Through the jaundiced eyes of the serious Scrabble competitor, the aforementioned are all nothing more than "living room players," unable to grasp the marvelous potential of those smooth wood tiles and brightly colored bonus squares. Living room players may get lucky occasionally -- like hitting two triple-word scores at once -- but in general, their strategy is slipshod, their word knowledge worse. In short, they've got no game.
"In a way, the living room player is lucky," Stefan Fatsis explains in Word Freak. "He has no idea how miserably he fails with almost every turn, how many possible words or optimal plays slip by unnoticed. The idea of Scrabble greatness doesn't exist for him."
If this sounds like the musings of a man who holds Scrabble in frighteningly higher regard than does the rest of humanity, that's because in the course of researching the strange subculture of competitive Scrabble players, Fatsis got sucked in. He went native. Midway through Word Freak, his modest interest in the game transmogrified into unrepentant obsession.
The enthusiasm that Fatsis, a sports reporter for the Wall Street Journal, brings to Word Freak not only breathes remarkable excitement into a fogy of a game (the occasional mind-numbing explanation of strategy notwithstanding), it also tempers the urge to dismiss its hard-core devotees as mere weirdos.
Let it be said the urge is strong. Fatsis, to his bemusement, finds himself in a league with the likes of unemployed comedian and smart-pill popper Matt Graham; Joel Sherman, a self-proclaimed "professional Scrabble player" who famously suffers severe gastrointestinal problems; and a host of other oddities who still live with their parents or in cramped apartments laden with Scrabble-related books.

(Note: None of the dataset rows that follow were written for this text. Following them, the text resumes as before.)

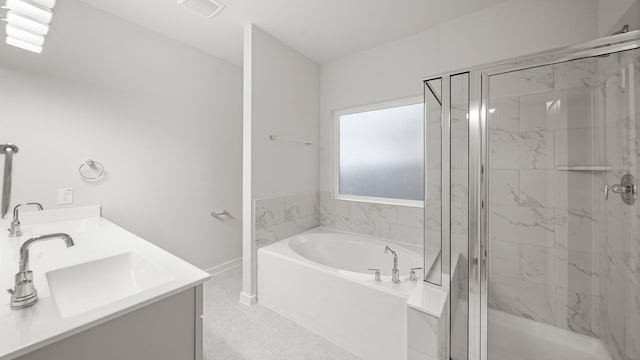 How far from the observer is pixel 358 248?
2.43 metres

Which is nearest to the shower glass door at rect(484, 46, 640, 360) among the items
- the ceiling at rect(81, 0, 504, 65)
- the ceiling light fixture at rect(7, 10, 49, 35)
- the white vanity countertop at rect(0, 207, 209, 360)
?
the ceiling at rect(81, 0, 504, 65)

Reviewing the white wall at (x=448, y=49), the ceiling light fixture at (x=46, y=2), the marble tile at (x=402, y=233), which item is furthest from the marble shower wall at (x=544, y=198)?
A: the ceiling light fixture at (x=46, y=2)

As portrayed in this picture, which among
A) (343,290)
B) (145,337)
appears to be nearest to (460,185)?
(343,290)

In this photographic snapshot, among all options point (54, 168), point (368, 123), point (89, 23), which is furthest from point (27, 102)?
point (368, 123)

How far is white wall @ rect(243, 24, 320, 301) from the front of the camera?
83.9 inches

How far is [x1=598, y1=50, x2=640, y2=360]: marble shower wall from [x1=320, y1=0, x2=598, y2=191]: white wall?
0.85 meters

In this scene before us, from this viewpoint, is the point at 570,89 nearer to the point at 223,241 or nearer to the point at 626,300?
the point at 626,300

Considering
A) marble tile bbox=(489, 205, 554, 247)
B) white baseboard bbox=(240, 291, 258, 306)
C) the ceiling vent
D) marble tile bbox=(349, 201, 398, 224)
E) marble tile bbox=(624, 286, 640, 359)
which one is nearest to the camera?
marble tile bbox=(624, 286, 640, 359)

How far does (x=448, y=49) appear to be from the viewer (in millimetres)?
2049

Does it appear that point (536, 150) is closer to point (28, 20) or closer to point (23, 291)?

In the narrative of his Scrabble journey, which seems to take place primarily in drab motel banquet rooms, Fatsis treats the characters he meets with a compassion borne of camaraderie, showing readers that the competitive fire can burn as intensely on the game board as it can on the playing field.
"Away from the game, they may not be skydivers or day traders ..." he says with genuine affection for his fellow Scrabble disciples. "They may be mild-mannered geeks or underachieving layabouts, but behind a rack, for 50 minutes, they are stone-faced killers."